Review first published by Film4.

Synopsis: For his feature debut, long-time animator David Soren directs this animated tale of a snail unwilling to fail.

Review: “Why is this confusing?” asks stay-at-home, literally spineless snail Chet (voiced inimitably by Paul Giamatti). “I am not a girl!”

Of course, identity confusion abounds in Turbo, the latest 3D animated eye feast from Dreamworks. Snails don’t really have names, let alone nicknames – ‘Turbo’ being the nickname of Chet’s spirited brother Theo (Ryan Reynolds). Snails do not normally watch television, or use tools, or understand human speech, or know how to spell, or, inspired by their favourite human motor-racing champion, dream of speed – and they certainly do not, like Theo, acquire powers of racecar-beating rapidity after being accidentally super-injected with nitrous oxide. Yet none of this matters – not only because Turbo is aimed at children, or because animation has traditionally been a safe haven for the pathetic fallacy, but also because Turbo is a film about transcending nature, going beyond limits, and being better than the best you can be.
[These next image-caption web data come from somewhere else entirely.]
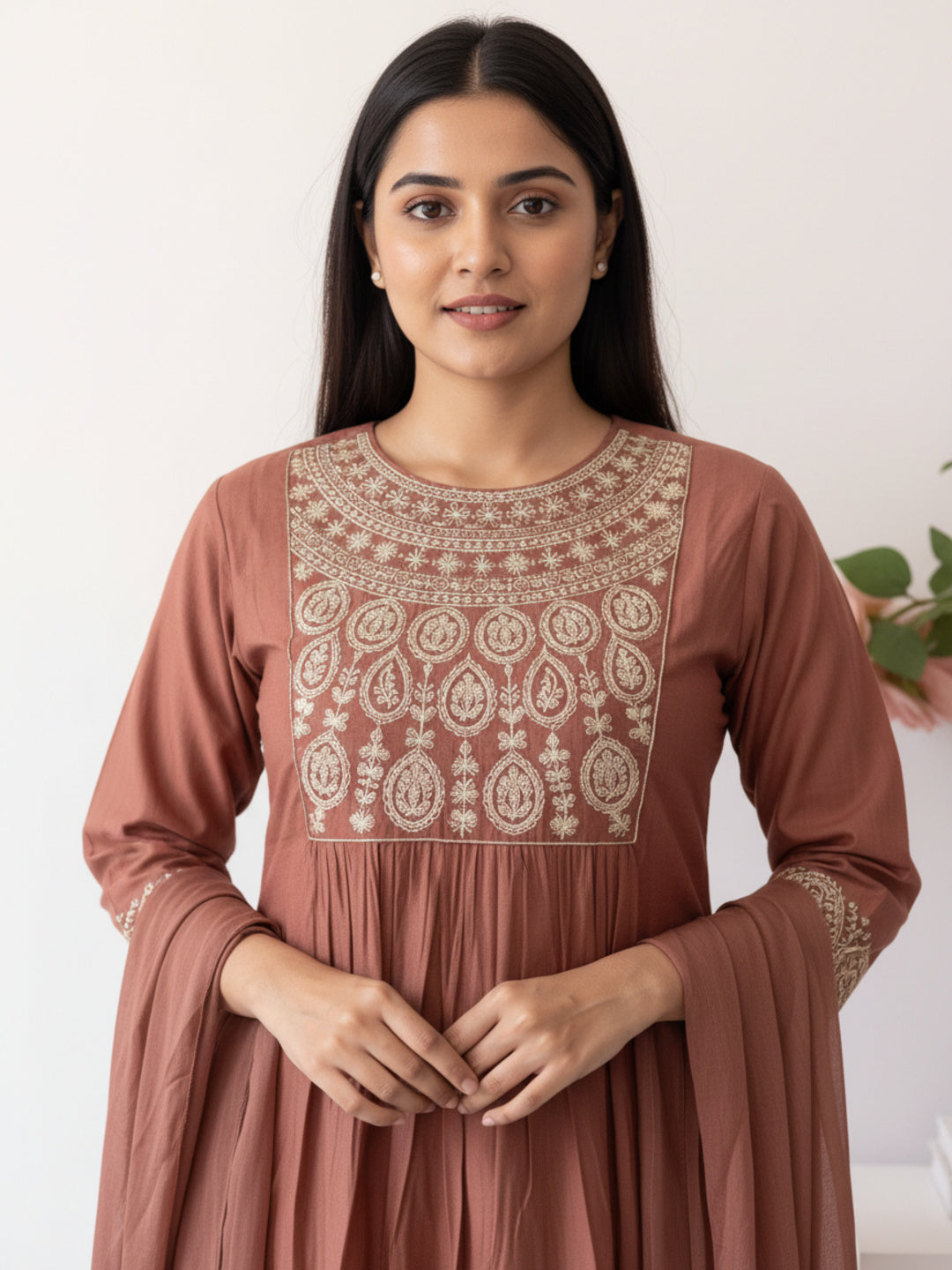 Solid Antique Silver Zari Embroidered A-Line Kurta with Palazzo - Mauve
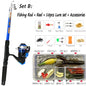 Fishing Rod Combo Full Kits 1.8M Telescopic Spinning Reel Baits Lure Set Travel Fishing Gear Hooks Pole Accessories Beginner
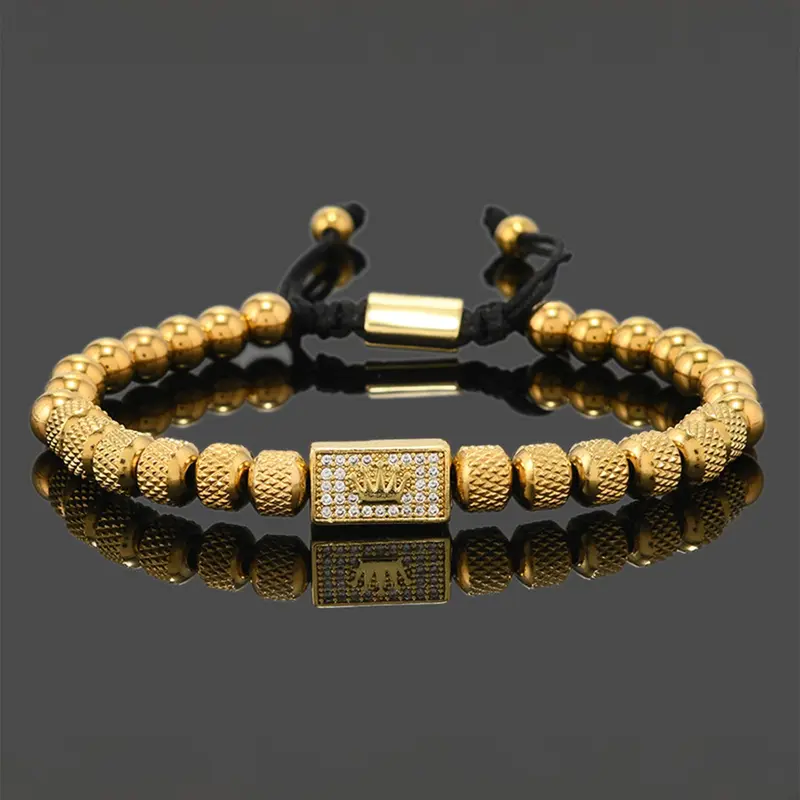 Men's Fashion Rhinestone Decor Bracelet, Adjustable Beaded Bracelet, Jewelry Gift for Thanksgiving, Christmas, Father's Day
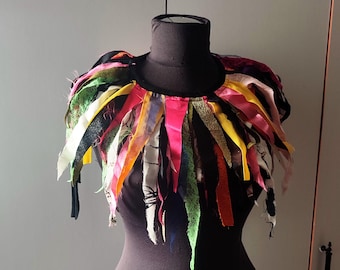 Multicolored jester collar tattered necklace, pierrot neck tattered scarf collar similar item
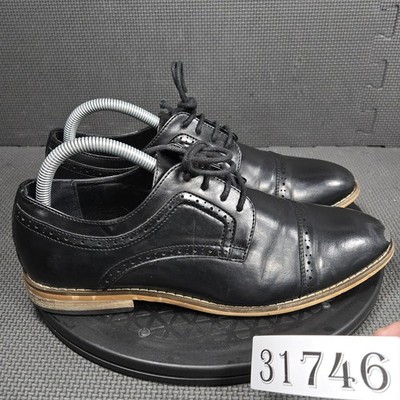 Stacy Adams Dress Shoes Boys Size 6 Black Cap Toe Oxford Brogue 43418-001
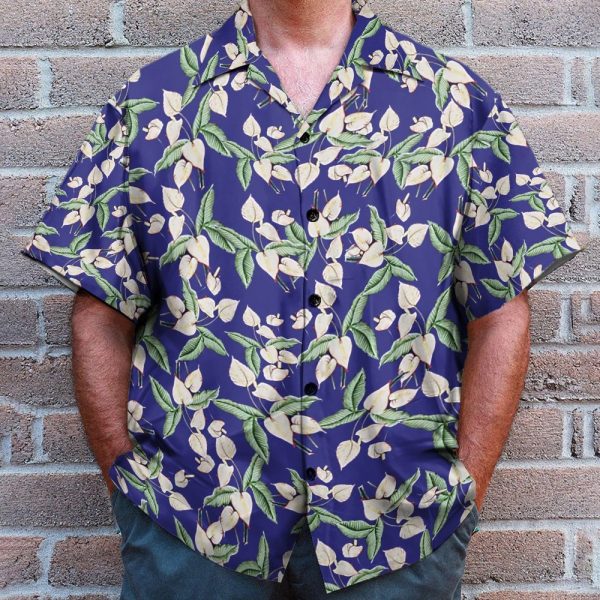 Tom Selleck Magnum Pi Movie Mini Anthurium Blue Cosplay Costume Hawaiian Shirt & Beach Shorts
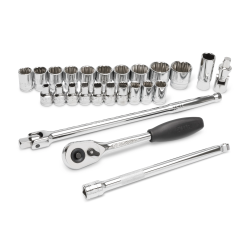 ZESTAW 25 CZ. KLUCZY NASADOWYCH 1/2" 12- KĄTNE W METALOWEJ KASECIE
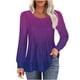 thumbnail image 2 of Honeeladyy - Camiseta informal de manga larga con cuello redondo, plisada y holgada para tenis y golf (morado, XL), 2 of 5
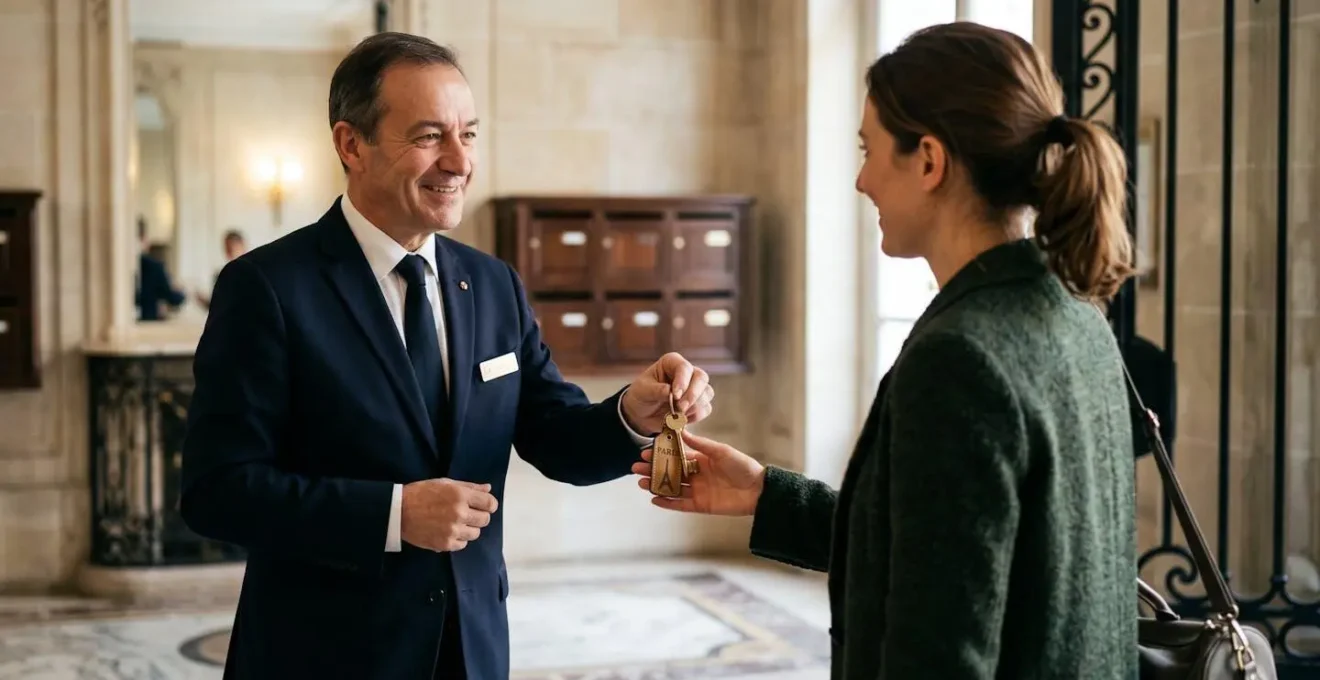 Service de conciergerie parisienne avec système de remise de clés sécurisé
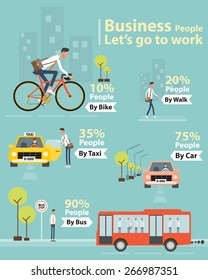 info graphic business people let's go to work character concept .by car taxi and personal car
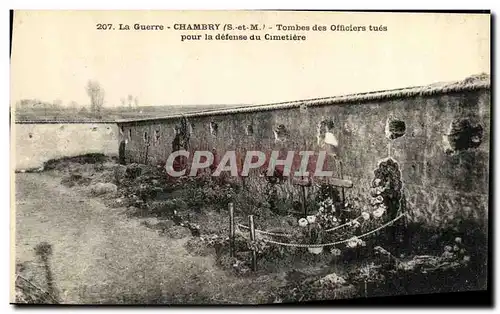 Cartes postales Militaria Chambry Tombes des Officiers tues Pour la Defense du Cimetiere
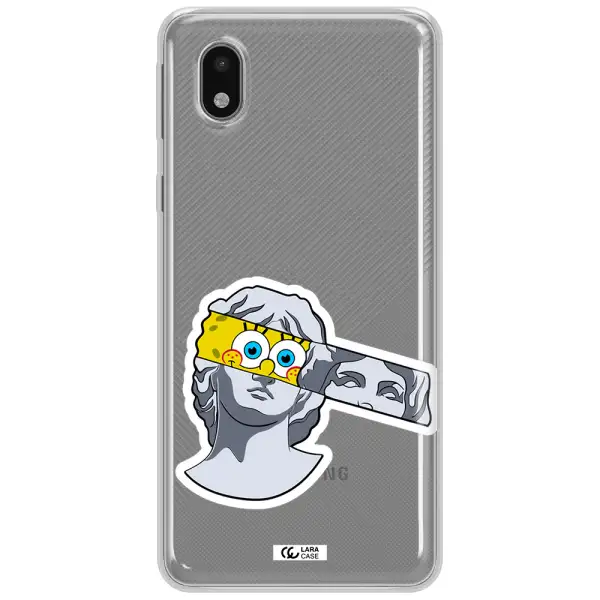 A Cartoon Of A Statue With A Yellow Spongebob Over Its Eyes Samsung A01 Core Clear Tpu Case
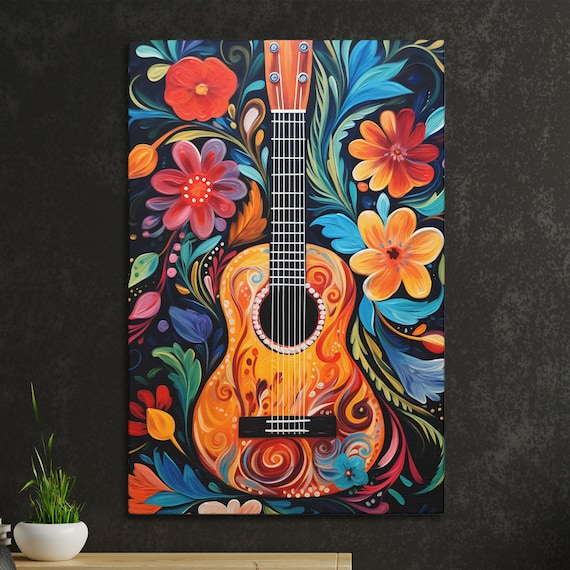 Boho Acoustic Guitar Floral Canvas Painting Colorful Ukulele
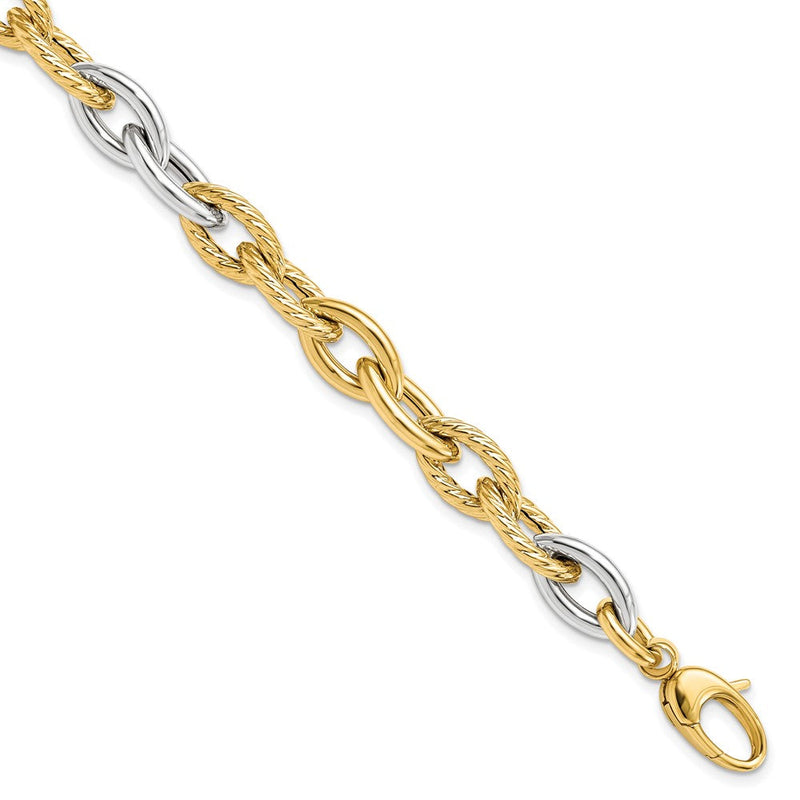 14K Bicolor Gold Bicolor Poliert Fantasieglieder 7.5 Zoll Armband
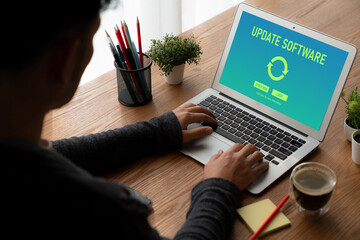 Software update on computer for modish version of device software upgrade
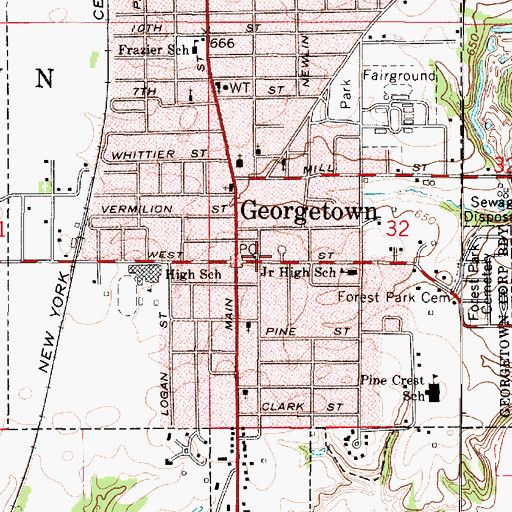 Topographic Map of Georgetown Post Office, IL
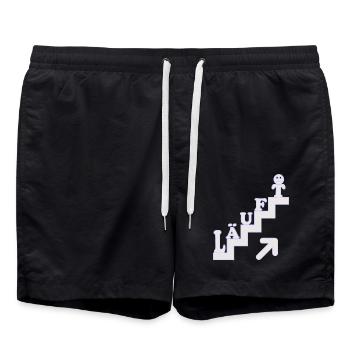 Läuft Treppenstufen Motivation - Badeshorts - Schwarz - Vorne - AI Model Male 185 light (185cm)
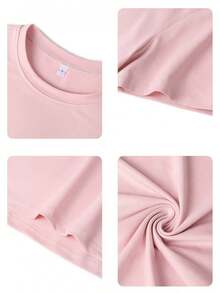 Spring And Summer Collection With A Short Sleeve Round Neck T-Shirt Decorated With An Adorable Paw Print Design On The Back, Perfect For Casual And Versatile Use. - Pink - View 5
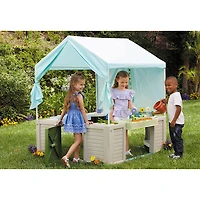 Maisonnette de jeu de rôle de jardin Little Tikes avec cuisine factice, jardin et auvent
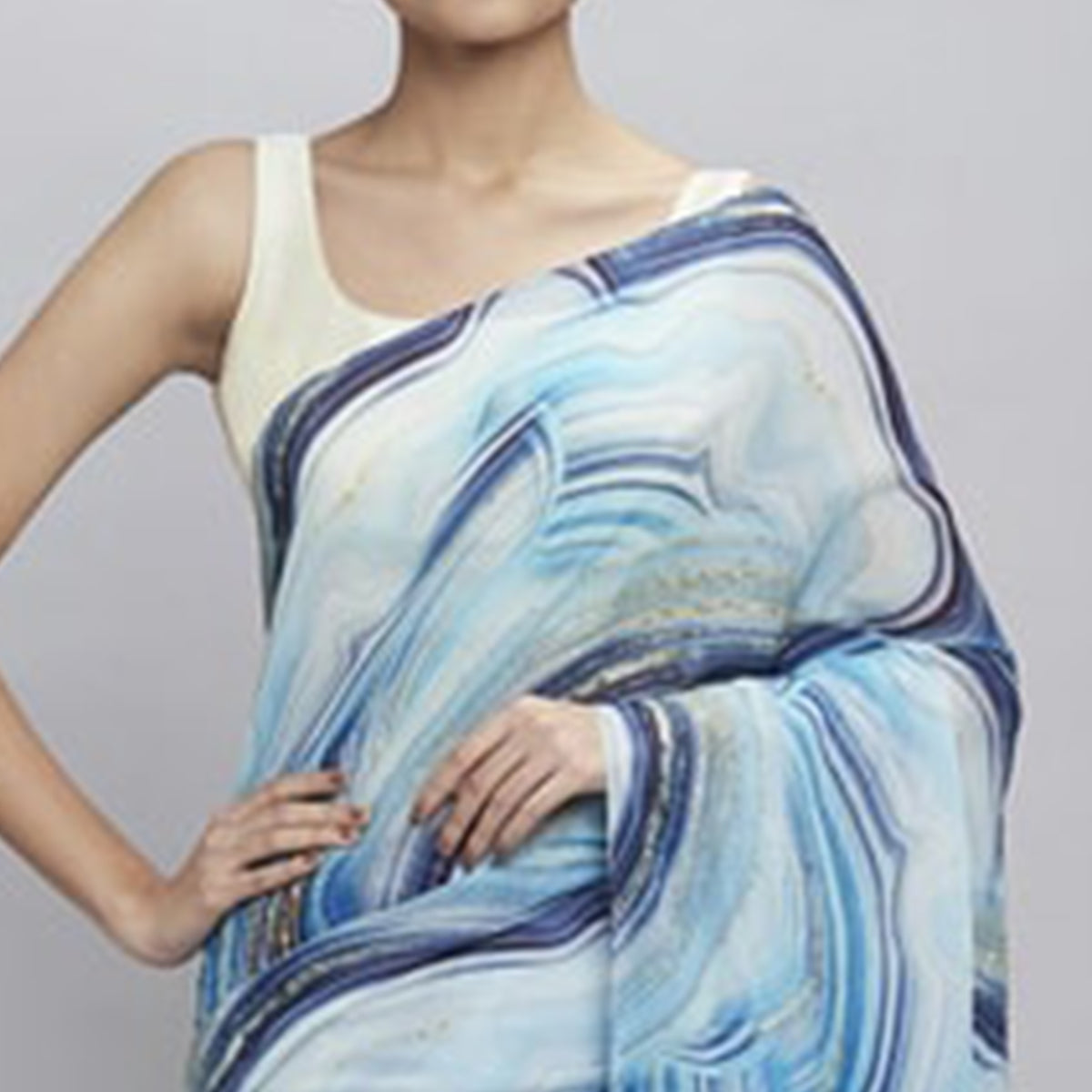 Sky Blue Digital Printed Georgette Saree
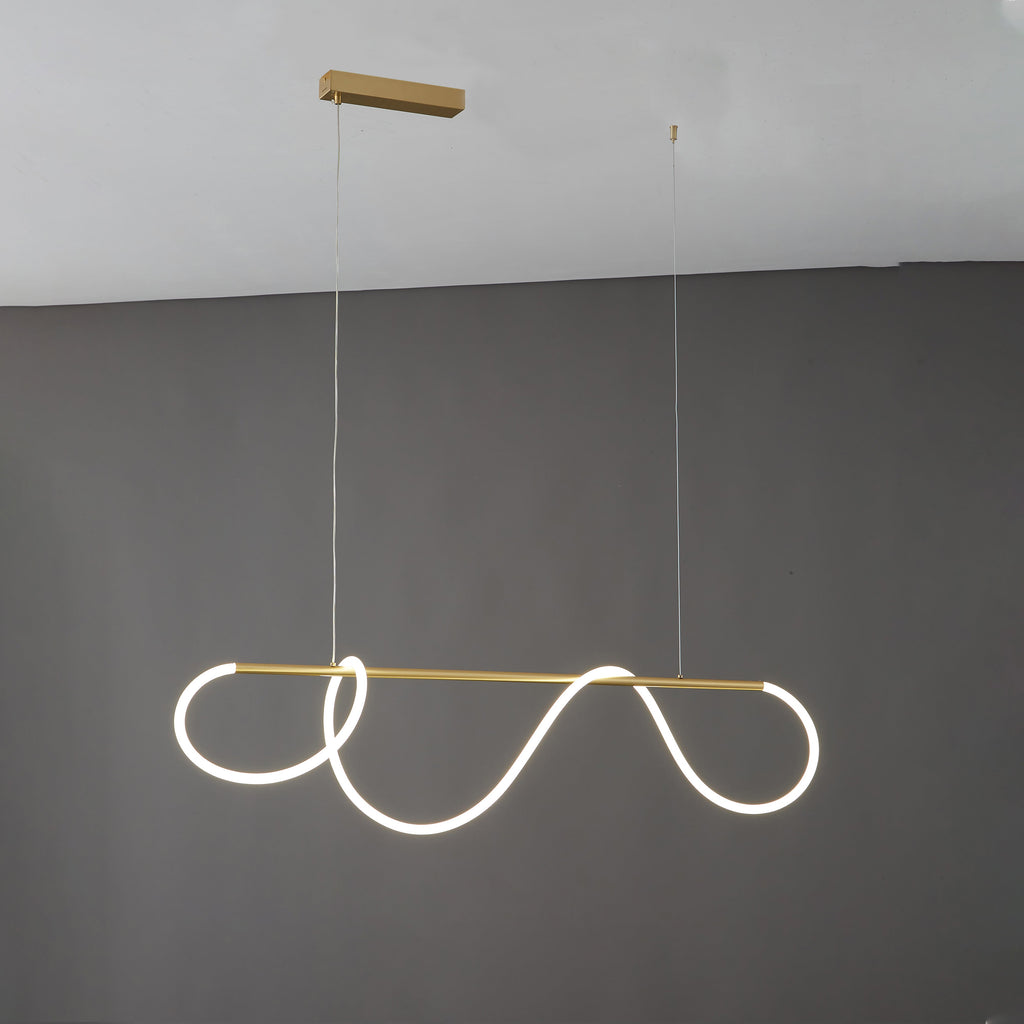 LED Rope Linear Brass Chandelier - Modern Fixture for Dining Room & Living Spaces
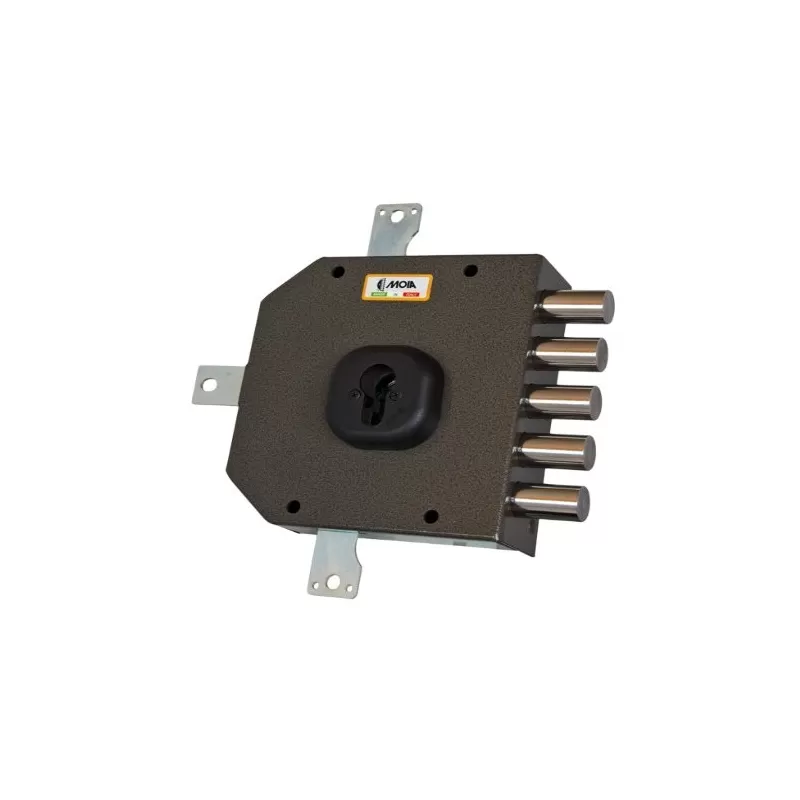 Moia SERRATURA PER PORTONCINO AD APPLICARE PROFILO EUROPEO QUINTUPLICE SENZA SCROCCO INGRESSO CHIAVE 63 MM PASSO CHIAVISTELLI 25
In other words, this is a true underdog story, whose ‘crazy’ high-concept premise – snail enters, maybe even wins, the Indianapolis 500 – is repeated countless times by assorted characters (human and mollusc) in case anyone misses it, and also duplicated in the human story of Tito (Michael Peña), a taco seller who dares to dream big in the face of his own brother’s resignation to reality. “The world loves the underdogs out there, the dreamers,” declares Theo’s hero Guy Gagné (Bill Hader), before pointing out that in reality they seldom win. It is an odd moment when Turbo seems on the point of deconstructing its own wish-fulfilment fantasy, not to mention its conception of heroism. Corrupted by his own sell-out success, Gagné has in fact become a narcissistic villain – which might confuse some viewers about what the future holds for our underdog übersnail.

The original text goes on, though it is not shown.